The above example is about Jesus answering a question rather than posing one, but it’s still insightful for this reflection. We need to both ask and answer questions “in love.” This means considering the heart of the question, and the heart of the one asking/being asked. Questions are never truly abstract things, even if they sound like they are about abstract concepts. Questions often reach into our very souls (or schemas if you want to stick with that language), and address our fundamental being.  This might not be true of the question “Where is the washroom?” but even a poor answer to this question can have significant consequences—as anyone with small children knows. 5 We should invite and embrace questions that disrupt and help us grow, but they always need to be “posed in love.” And at the end of the day, love needs to be the guiding principle in all this question asking and answering. Every human asks and answers questions, and followers of Jesus are to be known by love (John 13:35). If we’re not asking a question in love, or if the asking of that question will not help us or others grow in love, it might be worth reevaluating whether it’s worth posing in the first place. This also means that the end result of our question asking must result in love, even when we come to different answers.

I experienced the reality of “disrupting questions posed in love” sitting in the atrium. That might not be everyone’s experience. It’s quite possible that others have been disrupted by questions that were not posed “in love.” Some people have experienced questions as an assault that left them disoriented and lost, which is worth lamenting over and seeking to remedy. It’s also possible that others might not like questions as much as I do, and they got a lot more work done in the library. All that may be the case, so I’ll summarize like this: at its best, the atrium-way-of-life provides an opportunity for us to grow and mature when it’s saturated in the love of Jesus.

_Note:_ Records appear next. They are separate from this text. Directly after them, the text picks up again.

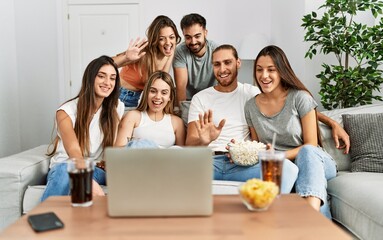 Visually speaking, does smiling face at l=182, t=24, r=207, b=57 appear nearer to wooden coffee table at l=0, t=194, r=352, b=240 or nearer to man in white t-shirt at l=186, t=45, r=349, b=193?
man in white t-shirt at l=186, t=45, r=349, b=193

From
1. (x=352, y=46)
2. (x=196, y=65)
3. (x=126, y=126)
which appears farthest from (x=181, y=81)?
(x=352, y=46)

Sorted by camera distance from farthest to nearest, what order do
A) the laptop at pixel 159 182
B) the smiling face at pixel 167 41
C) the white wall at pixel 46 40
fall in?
the white wall at pixel 46 40 → the smiling face at pixel 167 41 → the laptop at pixel 159 182

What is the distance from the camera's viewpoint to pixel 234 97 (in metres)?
2.76

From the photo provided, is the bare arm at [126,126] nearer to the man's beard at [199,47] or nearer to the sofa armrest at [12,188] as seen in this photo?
the sofa armrest at [12,188]

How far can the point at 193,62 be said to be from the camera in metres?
3.14

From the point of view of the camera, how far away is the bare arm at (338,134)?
259cm

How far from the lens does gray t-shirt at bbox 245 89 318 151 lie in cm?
246

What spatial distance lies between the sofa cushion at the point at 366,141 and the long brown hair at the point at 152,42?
128 centimetres

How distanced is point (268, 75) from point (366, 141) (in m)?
0.67

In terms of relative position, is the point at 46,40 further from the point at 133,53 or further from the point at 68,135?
the point at 68,135

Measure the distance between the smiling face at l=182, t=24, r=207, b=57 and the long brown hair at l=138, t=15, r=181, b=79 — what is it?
91 mm

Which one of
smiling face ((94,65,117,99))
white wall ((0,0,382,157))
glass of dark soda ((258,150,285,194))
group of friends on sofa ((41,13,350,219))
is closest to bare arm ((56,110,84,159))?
group of friends on sofa ((41,13,350,219))

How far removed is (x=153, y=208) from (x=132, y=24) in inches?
137

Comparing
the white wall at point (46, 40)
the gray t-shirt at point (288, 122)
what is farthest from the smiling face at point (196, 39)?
the white wall at point (46, 40) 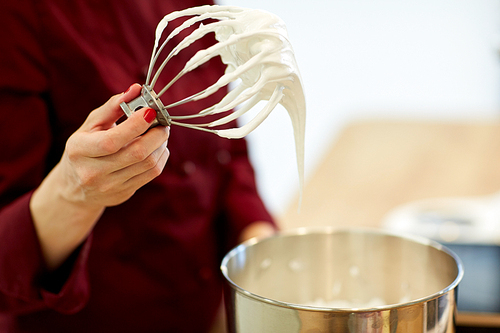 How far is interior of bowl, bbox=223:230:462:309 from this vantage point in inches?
19.4

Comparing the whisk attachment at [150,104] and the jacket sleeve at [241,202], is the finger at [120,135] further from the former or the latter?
the jacket sleeve at [241,202]

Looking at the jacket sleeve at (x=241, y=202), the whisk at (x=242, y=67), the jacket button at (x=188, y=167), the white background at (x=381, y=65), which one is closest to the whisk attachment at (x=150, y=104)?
the whisk at (x=242, y=67)

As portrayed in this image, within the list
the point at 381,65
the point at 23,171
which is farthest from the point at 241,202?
the point at 381,65

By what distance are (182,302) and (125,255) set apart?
134mm

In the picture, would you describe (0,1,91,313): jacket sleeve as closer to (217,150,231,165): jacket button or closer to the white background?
(217,150,231,165): jacket button

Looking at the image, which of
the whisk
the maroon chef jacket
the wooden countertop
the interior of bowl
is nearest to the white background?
the wooden countertop

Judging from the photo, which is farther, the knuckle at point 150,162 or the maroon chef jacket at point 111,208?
the maroon chef jacket at point 111,208

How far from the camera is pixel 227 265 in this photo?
0.45 m

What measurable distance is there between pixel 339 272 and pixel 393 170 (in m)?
0.84

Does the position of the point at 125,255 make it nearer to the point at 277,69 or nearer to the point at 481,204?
the point at 277,69

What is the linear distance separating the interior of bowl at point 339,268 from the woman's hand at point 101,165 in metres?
0.14

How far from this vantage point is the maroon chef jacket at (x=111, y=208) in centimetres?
55

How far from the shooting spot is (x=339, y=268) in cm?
54

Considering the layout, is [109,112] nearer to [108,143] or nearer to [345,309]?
[108,143] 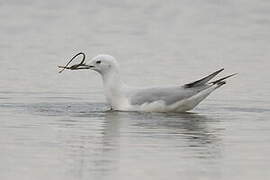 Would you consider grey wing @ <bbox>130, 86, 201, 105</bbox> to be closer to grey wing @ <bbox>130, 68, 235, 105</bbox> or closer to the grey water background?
grey wing @ <bbox>130, 68, 235, 105</bbox>

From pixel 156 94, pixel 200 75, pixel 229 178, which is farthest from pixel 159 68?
pixel 229 178

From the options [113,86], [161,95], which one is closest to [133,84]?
[113,86]

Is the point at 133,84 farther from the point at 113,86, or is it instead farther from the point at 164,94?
the point at 164,94

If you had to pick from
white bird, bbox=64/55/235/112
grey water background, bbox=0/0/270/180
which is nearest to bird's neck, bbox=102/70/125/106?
white bird, bbox=64/55/235/112

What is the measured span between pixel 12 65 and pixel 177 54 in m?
2.81

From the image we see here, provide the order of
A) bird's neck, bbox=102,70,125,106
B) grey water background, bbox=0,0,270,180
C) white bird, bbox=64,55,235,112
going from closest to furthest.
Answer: grey water background, bbox=0,0,270,180
white bird, bbox=64,55,235,112
bird's neck, bbox=102,70,125,106

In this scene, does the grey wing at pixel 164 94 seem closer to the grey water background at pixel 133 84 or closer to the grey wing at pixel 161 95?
the grey wing at pixel 161 95

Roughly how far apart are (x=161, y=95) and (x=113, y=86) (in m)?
0.75

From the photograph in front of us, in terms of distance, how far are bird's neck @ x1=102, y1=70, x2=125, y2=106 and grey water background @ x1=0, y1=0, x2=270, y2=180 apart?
0.62 feet

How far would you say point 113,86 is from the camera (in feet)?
51.7

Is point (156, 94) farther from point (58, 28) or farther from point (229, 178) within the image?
point (58, 28)

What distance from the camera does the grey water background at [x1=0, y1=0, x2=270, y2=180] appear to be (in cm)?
1116

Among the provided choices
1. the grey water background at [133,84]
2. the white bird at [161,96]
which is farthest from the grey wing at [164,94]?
the grey water background at [133,84]

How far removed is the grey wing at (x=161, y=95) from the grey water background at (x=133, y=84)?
22 cm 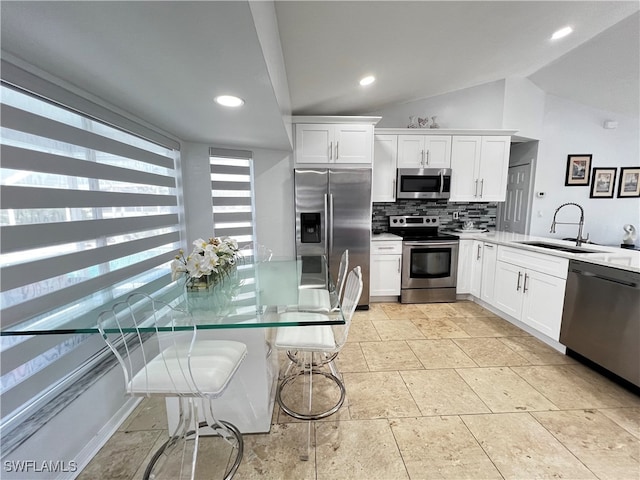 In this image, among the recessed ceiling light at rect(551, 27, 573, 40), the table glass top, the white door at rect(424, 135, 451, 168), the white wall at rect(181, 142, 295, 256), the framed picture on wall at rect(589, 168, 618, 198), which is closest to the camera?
the table glass top

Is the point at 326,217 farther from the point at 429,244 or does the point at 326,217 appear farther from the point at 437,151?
the point at 437,151

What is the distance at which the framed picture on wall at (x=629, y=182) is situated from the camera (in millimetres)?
4168

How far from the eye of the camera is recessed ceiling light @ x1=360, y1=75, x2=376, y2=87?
8.64 ft

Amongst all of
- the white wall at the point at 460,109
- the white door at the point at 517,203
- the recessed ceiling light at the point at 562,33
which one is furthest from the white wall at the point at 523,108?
the recessed ceiling light at the point at 562,33

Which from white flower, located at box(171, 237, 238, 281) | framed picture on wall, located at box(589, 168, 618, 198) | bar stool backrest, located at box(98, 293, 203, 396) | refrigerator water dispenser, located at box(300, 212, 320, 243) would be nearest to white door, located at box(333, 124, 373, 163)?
refrigerator water dispenser, located at box(300, 212, 320, 243)

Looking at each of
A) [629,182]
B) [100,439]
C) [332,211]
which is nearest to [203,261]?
[100,439]

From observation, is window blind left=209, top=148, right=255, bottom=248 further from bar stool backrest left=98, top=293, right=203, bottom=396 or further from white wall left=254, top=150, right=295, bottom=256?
bar stool backrest left=98, top=293, right=203, bottom=396

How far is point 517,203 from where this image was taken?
4324mm

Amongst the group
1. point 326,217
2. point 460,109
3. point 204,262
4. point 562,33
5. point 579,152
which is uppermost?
point 562,33

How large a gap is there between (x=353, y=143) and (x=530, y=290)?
8.05 feet

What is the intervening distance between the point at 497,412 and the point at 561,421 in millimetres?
357

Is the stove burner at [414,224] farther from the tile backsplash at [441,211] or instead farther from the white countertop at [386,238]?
the white countertop at [386,238]

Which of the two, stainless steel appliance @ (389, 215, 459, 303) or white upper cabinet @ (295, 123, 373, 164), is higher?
white upper cabinet @ (295, 123, 373, 164)

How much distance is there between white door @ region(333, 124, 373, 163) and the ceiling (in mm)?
389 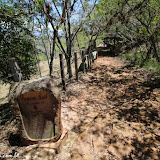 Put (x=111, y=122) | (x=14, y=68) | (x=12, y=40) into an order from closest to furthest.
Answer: (x=14, y=68) → (x=111, y=122) → (x=12, y=40)

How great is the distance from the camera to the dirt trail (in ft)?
6.84

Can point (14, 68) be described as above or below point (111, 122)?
above

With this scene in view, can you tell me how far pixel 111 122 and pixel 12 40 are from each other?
3.74 m

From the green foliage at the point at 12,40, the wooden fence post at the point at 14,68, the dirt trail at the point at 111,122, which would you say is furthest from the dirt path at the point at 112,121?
the green foliage at the point at 12,40

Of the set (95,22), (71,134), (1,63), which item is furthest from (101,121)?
(95,22)

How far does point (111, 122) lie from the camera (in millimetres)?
2893

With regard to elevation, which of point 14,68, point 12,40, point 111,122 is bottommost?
point 111,122

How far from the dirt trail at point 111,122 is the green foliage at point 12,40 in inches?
80.2

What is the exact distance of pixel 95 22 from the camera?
6.38 m

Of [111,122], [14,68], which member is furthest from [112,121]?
[14,68]

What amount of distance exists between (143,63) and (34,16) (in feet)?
24.4

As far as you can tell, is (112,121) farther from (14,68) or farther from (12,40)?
(12,40)

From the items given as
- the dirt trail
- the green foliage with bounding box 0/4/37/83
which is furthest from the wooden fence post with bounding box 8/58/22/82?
the dirt trail

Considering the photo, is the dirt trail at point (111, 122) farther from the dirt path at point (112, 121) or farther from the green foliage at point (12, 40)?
the green foliage at point (12, 40) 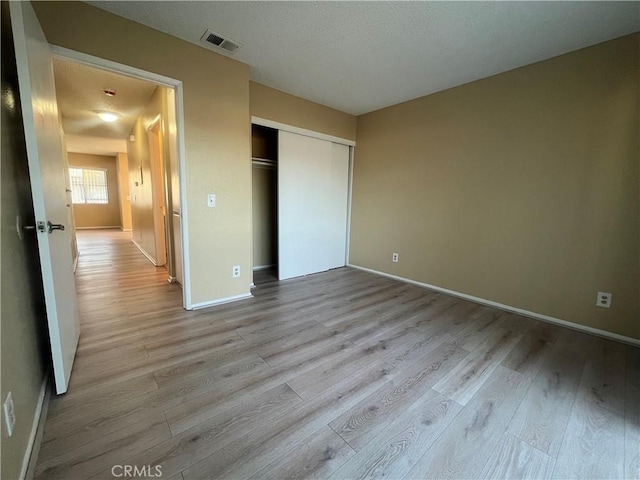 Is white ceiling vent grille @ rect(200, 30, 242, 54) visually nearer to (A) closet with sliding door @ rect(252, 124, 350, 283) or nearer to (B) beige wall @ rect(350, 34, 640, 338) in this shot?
(A) closet with sliding door @ rect(252, 124, 350, 283)

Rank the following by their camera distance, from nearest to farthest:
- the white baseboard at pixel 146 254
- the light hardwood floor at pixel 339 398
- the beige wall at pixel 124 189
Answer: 1. the light hardwood floor at pixel 339 398
2. the white baseboard at pixel 146 254
3. the beige wall at pixel 124 189

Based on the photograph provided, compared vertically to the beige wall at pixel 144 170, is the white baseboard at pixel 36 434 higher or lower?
lower

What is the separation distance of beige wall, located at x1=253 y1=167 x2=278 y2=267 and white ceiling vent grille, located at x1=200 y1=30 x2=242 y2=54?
5.50ft

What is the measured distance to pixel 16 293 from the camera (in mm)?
1195

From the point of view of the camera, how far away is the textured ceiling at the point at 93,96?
2.82 meters

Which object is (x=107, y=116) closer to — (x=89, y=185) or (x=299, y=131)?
(x=299, y=131)

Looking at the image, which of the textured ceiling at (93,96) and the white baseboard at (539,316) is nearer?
the white baseboard at (539,316)

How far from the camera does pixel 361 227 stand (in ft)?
14.1

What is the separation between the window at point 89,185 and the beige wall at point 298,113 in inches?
339

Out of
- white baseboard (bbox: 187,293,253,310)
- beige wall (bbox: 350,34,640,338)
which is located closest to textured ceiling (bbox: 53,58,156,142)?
white baseboard (bbox: 187,293,253,310)

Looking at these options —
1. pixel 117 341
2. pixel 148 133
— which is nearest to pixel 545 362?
pixel 117 341

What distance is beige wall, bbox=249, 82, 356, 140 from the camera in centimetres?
318

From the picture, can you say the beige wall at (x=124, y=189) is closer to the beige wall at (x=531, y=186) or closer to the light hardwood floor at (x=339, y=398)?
the light hardwood floor at (x=339, y=398)

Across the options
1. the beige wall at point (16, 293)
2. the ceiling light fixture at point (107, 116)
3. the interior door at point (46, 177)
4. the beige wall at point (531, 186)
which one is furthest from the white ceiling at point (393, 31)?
the ceiling light fixture at point (107, 116) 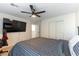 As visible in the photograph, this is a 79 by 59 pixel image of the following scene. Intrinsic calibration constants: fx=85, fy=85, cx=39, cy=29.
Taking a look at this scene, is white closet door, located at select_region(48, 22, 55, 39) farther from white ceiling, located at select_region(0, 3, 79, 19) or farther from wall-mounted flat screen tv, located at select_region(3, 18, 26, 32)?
wall-mounted flat screen tv, located at select_region(3, 18, 26, 32)

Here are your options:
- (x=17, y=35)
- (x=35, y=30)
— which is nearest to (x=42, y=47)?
(x=35, y=30)

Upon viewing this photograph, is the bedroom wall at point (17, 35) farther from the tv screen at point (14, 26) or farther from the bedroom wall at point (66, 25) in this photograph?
the bedroom wall at point (66, 25)

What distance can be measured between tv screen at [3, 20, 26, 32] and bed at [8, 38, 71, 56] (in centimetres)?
16

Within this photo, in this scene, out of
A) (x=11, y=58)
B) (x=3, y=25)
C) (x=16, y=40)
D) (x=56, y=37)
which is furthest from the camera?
(x=56, y=37)

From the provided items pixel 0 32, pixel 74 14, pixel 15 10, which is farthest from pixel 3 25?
→ pixel 74 14

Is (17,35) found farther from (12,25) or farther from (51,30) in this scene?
(51,30)

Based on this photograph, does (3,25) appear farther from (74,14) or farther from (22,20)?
(74,14)

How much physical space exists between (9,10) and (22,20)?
196 millimetres

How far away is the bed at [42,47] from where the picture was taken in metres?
0.91

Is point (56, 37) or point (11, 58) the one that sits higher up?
point (56, 37)

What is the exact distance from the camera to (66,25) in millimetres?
1067

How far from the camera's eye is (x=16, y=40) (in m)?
0.99

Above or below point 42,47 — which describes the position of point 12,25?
above

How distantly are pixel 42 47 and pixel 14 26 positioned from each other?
41cm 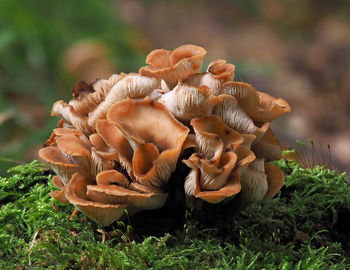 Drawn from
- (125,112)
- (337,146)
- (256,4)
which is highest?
(125,112)

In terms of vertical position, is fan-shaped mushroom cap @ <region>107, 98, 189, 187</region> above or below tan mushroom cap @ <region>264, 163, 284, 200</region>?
above

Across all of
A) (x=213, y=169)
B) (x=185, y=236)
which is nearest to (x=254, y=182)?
(x=213, y=169)

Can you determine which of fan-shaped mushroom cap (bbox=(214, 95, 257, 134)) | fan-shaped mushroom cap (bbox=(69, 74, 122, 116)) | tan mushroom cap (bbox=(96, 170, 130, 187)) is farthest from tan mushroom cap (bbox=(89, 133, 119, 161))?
fan-shaped mushroom cap (bbox=(214, 95, 257, 134))

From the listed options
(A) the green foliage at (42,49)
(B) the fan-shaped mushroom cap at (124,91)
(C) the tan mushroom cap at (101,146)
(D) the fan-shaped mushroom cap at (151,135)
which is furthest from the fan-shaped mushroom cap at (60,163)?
(A) the green foliage at (42,49)

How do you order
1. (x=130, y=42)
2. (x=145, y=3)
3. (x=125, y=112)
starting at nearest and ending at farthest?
(x=125, y=112) → (x=130, y=42) → (x=145, y=3)

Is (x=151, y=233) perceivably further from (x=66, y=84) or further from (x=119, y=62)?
(x=119, y=62)

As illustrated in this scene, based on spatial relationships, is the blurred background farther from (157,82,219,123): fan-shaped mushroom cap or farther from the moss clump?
(157,82,219,123): fan-shaped mushroom cap

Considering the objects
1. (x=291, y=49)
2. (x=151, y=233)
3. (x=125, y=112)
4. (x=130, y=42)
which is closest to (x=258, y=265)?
(x=151, y=233) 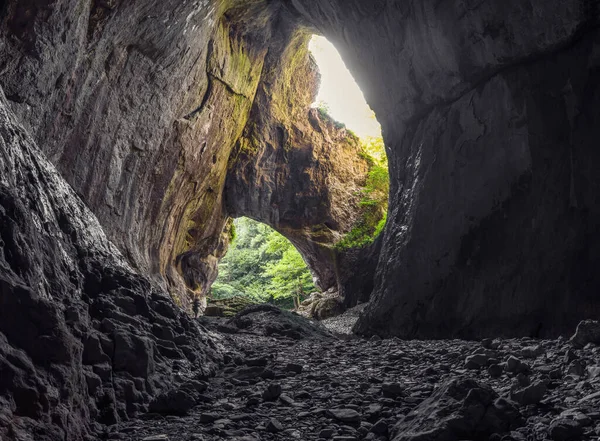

It is at its best when that love infiltrates our “status-flow,” and even the status quo, moving us into places of deeper connection with one another. It is at its best when the end result of our questions is love, whether we agree on the answers or not. Of course, for this to happen we need to make it that way, by God’s grace and led by the Spirit. So even though I’m no longer a student, I’ll still happily find myself in the atrium (or a coffee shop, or church, or my neighbourhood) and gladly be “disturbed” and “disrupted by questions posed in love.”